- [Aim of the exercise]
Copy verbatim the block of lines in the entries below whose first line contains "Double Dong Penis" and whose last line contains "Reha Fund keturratis". Leave out all other lines.

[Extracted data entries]
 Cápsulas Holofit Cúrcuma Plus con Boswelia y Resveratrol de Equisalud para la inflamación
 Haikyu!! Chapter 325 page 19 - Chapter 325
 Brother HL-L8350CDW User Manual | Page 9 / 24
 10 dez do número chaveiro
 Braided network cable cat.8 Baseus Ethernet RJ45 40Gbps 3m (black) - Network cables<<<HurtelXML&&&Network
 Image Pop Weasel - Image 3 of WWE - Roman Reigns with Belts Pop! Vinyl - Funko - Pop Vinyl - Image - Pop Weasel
---
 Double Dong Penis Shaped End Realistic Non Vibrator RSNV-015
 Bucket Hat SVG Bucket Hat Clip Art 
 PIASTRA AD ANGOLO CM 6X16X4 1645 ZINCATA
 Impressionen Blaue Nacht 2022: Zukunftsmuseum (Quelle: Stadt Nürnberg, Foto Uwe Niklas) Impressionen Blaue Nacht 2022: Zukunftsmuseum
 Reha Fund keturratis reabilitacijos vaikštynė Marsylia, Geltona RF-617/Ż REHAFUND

- [Written answer]
 Double Dong Penis Shaped End Realistic Non Vibrator RSNV-015
 Bucket Hat SVG Bucket Hat Clip Art 
 PIASTRA AD ANGOLO CM 6X16X4 1645 ZINCATA
 Impressionen Blaue Nacht 2022: Zukunftsmuseum (Quelle: Stadt Nürnberg, Foto Uwe Niklas) Impressionen Blaue Nacht 2022: Zukunftsmuseum
 Reha Fund keturratis reabilitacijos vaikštynė Marsylia, Geltona RF-617/Ż REHAFUND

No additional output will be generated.